Ebbene, nei bollettini della Consob e della Vigilanza della banca d’Italia si possono ovviamente
trovare tutte le sanzioni proposte e poi comminate (o dalle stesse autorità o dal ministero
dell’Economia). Ma intanto bisogna procurarsi i bollettini, sfogliarli uno per uno e per capirci
qualcosa bisogna fare una traduzione dal burocratese più stretto all’italiano. Anche in questo caso:
nella forma tutto è pubblico. Nella sostanza, opaco.
Che fare, allora? Forse non ci vuole molto per riequilibrare l’assimmetria informativa. Per
cominciare basterebbero tre iniziative. La prima: le sanzioni comminate agli intermediari finanziari
dalla Consob, dalla Banca d’Italia, dal ministero dell’Economia dovrebbero essere pubblicate –
sotto forma di avviso pubblico mensile, in corpo leggibile - anche sui quotidiani nazionali. La
seconda: la Consob faccia una volta l’anno l’elenco delle società che le aziende quotate in Italia
hanno nei paradisi fiscali. Il dato è già pubblico, perché contenuto nei diversi bilanci consolidati.
Ma perfino per un giornalista agguerrito può essere difficile metterlo insieme. Ebbene, la
Commissione lo faccia e lo renda disponibile nel proprio sito Internet. Ogni risparmiatore che lo
volesse, potrebbe così verificare quanta parte vi sia nella società a cui vuole assegnare la propria
fiducia di finanza fuori dai controlli più stringenti ( il disegno di legge interviene su questo punto,
ma nulla dice sulla maggiore fruibilità di questi dati per gli investitori non professionali). La terza
iniziativa: invitare gli analisti finanziari a tenere presente sempre prima la stabilità e poi il
rendimento. Gran parte dei rapporti sulla Parmalat erano positivi fino al dicembre scorso sulla base
delle attese di reddittività dell’azienda e di apprezzamento del titolo. Su decine di studi pochi
riportavano il dato del debito lordo (tutti i debiti contratti) messo a confronto con il patrimonio netto
(tutte le garanzie certe). E i pochi che hanno presentato questo paragone non finivano con un
risultato positivo.
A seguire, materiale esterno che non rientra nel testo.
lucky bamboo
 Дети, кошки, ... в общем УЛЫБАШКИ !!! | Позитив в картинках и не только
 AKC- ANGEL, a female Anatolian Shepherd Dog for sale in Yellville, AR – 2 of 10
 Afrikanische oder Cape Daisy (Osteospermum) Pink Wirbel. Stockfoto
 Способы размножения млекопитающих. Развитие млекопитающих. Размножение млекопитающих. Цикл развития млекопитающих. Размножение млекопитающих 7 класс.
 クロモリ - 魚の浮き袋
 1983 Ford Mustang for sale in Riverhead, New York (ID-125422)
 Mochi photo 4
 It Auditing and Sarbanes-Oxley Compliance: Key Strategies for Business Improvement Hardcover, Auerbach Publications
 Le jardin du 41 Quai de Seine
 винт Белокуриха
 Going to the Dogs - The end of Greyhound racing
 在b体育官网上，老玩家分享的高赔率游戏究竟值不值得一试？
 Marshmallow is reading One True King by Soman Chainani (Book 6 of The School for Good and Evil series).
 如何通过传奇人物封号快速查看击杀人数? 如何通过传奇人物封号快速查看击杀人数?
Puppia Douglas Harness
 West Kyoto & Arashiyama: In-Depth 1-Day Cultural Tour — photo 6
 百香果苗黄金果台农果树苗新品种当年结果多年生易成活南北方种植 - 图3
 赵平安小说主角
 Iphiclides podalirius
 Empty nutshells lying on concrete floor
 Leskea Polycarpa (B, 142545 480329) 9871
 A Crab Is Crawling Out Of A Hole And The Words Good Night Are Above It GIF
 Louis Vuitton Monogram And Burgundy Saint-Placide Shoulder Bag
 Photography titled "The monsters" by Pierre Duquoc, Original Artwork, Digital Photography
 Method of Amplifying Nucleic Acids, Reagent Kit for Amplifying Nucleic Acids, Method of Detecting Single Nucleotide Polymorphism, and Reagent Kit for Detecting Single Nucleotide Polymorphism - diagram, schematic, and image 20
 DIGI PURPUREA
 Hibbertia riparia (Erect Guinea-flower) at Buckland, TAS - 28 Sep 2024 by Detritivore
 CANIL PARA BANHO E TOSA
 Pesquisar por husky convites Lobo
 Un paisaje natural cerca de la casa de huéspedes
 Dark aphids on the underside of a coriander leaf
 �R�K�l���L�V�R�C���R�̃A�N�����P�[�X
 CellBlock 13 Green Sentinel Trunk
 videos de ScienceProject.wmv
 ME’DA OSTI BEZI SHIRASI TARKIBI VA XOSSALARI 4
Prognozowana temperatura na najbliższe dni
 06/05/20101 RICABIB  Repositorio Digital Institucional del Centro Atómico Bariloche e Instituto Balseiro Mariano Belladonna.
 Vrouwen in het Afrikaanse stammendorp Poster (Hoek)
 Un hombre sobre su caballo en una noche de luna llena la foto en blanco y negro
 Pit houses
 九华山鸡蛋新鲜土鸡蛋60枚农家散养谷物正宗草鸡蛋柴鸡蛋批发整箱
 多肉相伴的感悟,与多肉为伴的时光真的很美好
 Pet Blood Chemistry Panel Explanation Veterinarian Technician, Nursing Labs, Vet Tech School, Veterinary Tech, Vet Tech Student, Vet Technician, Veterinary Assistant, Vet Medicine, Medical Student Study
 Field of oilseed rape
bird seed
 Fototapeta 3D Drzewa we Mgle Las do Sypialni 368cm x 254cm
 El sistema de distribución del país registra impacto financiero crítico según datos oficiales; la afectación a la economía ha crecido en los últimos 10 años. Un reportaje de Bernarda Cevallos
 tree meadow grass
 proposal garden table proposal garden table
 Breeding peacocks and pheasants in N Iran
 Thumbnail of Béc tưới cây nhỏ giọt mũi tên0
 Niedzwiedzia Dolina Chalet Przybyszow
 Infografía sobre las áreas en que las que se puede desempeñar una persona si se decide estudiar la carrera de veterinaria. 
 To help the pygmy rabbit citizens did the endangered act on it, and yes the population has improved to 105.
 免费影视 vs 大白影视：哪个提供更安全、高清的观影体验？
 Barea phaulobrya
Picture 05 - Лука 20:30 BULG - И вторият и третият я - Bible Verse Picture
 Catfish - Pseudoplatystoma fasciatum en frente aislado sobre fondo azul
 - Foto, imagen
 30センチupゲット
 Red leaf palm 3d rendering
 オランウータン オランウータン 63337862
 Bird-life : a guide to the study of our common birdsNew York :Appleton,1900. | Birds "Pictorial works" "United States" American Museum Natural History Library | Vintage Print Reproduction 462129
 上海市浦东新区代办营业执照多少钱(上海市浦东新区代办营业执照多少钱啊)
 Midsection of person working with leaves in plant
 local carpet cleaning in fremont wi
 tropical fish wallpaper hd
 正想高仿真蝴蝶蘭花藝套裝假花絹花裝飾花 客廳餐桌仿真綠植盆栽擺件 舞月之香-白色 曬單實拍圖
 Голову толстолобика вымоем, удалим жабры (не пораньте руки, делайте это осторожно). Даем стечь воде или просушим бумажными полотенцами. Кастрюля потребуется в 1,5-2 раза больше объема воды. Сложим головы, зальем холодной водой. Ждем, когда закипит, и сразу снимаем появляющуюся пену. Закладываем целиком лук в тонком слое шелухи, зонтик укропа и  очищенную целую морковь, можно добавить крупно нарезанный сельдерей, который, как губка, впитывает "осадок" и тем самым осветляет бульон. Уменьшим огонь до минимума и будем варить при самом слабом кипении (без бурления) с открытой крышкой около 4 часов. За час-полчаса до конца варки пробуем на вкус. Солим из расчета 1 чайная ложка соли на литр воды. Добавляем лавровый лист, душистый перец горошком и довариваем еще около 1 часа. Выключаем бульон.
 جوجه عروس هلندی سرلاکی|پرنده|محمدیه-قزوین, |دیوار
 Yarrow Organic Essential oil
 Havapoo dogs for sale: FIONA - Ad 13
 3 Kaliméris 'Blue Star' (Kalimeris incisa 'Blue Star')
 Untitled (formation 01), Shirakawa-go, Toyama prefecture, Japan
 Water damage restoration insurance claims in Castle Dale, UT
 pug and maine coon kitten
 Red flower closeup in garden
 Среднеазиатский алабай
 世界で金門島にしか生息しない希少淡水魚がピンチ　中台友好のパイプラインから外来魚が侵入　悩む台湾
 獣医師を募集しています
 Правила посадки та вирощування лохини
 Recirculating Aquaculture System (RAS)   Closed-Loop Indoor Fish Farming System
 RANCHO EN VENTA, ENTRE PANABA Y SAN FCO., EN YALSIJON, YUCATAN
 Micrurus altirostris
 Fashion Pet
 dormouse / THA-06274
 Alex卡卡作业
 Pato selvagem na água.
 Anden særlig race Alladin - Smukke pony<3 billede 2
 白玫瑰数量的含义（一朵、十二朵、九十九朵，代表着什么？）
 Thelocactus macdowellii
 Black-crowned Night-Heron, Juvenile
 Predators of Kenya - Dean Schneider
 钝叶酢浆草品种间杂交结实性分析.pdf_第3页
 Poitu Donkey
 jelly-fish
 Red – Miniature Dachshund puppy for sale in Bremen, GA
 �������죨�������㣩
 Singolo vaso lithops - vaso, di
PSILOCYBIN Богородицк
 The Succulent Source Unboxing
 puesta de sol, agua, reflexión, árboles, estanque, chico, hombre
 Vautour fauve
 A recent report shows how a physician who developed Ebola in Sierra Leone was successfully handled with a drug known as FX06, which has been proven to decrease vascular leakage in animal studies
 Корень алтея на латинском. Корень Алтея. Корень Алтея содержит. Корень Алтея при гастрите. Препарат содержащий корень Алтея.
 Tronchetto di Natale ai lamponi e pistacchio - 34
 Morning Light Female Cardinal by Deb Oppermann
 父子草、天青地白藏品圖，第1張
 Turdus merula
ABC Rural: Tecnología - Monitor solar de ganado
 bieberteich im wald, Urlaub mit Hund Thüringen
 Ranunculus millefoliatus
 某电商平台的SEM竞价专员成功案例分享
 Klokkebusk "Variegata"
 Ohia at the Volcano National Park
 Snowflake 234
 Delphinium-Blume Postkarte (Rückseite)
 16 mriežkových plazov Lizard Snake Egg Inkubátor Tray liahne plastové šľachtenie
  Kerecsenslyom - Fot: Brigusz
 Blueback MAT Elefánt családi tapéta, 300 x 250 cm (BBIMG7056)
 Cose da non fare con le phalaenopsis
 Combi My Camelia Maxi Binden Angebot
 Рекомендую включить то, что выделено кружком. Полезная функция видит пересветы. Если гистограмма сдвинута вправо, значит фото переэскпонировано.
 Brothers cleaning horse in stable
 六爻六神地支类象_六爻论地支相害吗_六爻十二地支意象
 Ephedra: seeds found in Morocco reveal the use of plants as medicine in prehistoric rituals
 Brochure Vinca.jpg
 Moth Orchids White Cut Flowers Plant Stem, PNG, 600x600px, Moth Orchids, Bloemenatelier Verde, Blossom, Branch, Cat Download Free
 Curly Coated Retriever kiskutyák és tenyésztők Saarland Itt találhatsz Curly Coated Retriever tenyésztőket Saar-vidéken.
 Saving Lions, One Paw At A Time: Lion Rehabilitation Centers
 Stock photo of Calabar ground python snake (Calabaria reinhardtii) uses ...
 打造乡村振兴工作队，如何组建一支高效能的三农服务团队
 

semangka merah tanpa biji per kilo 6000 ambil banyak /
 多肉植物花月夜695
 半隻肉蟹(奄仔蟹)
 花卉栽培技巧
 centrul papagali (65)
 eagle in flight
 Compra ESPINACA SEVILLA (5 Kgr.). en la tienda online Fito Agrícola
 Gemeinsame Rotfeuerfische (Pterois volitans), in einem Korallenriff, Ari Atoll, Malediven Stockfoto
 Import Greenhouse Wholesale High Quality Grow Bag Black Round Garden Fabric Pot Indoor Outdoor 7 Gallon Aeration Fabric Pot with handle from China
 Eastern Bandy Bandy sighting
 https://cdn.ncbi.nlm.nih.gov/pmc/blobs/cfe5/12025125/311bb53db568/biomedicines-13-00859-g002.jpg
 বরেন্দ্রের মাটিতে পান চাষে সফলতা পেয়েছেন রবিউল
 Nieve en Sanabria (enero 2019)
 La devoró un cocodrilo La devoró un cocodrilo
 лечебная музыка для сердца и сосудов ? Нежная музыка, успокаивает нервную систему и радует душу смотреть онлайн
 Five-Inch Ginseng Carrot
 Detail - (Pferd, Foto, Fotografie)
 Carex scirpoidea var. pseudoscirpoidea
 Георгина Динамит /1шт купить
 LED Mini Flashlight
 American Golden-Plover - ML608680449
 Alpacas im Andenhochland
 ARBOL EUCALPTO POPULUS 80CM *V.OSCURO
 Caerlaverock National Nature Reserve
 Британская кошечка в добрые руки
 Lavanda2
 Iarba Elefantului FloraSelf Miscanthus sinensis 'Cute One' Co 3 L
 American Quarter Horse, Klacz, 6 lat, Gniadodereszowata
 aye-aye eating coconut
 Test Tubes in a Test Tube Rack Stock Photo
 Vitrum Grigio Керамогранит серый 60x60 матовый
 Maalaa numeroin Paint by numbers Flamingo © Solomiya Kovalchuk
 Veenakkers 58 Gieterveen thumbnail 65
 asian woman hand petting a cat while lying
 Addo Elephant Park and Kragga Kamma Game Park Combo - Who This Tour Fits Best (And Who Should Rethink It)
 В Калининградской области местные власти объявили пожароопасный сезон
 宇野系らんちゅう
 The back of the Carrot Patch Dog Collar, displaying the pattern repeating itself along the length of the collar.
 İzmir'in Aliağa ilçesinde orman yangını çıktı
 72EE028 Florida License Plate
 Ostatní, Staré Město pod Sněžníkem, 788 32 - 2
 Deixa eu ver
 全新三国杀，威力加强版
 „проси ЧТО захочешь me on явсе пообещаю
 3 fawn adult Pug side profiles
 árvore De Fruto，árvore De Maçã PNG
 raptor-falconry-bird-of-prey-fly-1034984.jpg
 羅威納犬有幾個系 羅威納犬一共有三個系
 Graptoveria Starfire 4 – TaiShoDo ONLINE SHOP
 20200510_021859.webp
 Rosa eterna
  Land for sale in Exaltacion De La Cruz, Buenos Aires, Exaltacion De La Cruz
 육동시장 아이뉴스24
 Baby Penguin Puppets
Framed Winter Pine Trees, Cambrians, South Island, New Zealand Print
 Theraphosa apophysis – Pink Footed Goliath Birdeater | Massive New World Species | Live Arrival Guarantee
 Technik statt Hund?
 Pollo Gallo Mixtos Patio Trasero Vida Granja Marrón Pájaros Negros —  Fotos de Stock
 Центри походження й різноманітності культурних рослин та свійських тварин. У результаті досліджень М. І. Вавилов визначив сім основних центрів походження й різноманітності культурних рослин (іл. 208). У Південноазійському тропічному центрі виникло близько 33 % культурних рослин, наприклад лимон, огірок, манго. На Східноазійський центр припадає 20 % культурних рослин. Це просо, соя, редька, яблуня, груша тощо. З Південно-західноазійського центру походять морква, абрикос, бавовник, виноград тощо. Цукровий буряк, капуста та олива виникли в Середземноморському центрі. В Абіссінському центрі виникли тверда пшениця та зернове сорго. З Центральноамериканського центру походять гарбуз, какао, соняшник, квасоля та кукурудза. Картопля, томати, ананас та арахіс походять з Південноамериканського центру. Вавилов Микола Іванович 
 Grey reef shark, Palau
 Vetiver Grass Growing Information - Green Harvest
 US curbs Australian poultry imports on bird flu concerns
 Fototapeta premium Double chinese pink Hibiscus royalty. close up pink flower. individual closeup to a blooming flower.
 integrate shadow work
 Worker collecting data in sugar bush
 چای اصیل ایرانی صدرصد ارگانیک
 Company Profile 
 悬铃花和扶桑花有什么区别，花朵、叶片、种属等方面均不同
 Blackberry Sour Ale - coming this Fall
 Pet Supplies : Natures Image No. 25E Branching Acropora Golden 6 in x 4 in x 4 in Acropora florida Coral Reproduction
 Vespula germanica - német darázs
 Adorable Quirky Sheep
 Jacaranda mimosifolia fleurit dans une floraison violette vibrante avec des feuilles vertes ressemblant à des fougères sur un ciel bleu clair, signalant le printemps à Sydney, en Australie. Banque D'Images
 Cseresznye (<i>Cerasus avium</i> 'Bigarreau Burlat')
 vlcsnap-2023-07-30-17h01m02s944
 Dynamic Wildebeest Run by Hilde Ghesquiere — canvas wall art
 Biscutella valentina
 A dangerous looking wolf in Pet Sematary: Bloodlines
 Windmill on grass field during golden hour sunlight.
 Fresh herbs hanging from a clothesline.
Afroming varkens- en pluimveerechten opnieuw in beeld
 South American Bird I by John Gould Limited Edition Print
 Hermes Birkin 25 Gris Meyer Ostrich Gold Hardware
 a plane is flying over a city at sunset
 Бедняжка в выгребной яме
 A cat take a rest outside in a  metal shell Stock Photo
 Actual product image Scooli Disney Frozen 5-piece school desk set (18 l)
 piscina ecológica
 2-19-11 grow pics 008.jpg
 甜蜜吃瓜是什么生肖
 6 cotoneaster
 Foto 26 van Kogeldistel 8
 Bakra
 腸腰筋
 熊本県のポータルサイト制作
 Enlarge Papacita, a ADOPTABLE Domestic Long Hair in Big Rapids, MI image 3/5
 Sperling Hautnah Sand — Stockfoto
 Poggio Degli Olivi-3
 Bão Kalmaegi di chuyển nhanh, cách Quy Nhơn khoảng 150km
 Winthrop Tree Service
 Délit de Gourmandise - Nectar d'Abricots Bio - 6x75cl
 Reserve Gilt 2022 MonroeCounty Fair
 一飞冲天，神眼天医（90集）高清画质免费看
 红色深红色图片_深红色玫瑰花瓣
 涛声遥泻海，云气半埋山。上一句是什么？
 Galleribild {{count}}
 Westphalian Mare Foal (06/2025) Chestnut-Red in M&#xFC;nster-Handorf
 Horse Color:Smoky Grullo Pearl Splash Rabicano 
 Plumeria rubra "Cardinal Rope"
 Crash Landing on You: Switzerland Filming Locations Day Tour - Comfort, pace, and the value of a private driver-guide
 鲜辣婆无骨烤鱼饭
La Borsa italiana potrebbe insomma pubblicare nel proprio sito, trimestre per
trimestre, il rapporto tra debito lordo e patrimonio netto, per le società quotate, insieme ai dati
principali dell’andamento economico dell’azienda nel periodo. Sarebbe un servizio semplicissimo
da rendere, ma di grande efficacia. Infine, un altro dato relativo all’asimmetria informativa: negli
ordini relativi a titoli da considerare “non adeguati” già rispetto alle norme attuali (emessi all’estero
senza prospetto Consob, non adeguati al tipo di risparmiatore….) dovrebbe essere scritto in alto e in
caratteri ben visibili “titolo non adeguato al risparmiatore comune”. Vi sarà sempre la libertà e la
possibilità di rifirmare quell’ordine. Ma allora sì che si potrà dire: l’investitore era informato.
In conclusione, si possono mettere in atto queste o altre iniziative del genere. Ma l’importante è che
la pubblicità delle infornazioni sia vera e non fittizia. Perché altrimenti anche i più forti poteri della
Consob resterebbero confinati nel ristretto circolo, pur importante e da non sottovalutare, del
rapporto tra operatori e autorità. Mentre è anche facendo crescere la consapevolezza e la possibilità
di scelta dei risparmiatori che si obbligano gli amministratori delle società ad essere più trasparenti.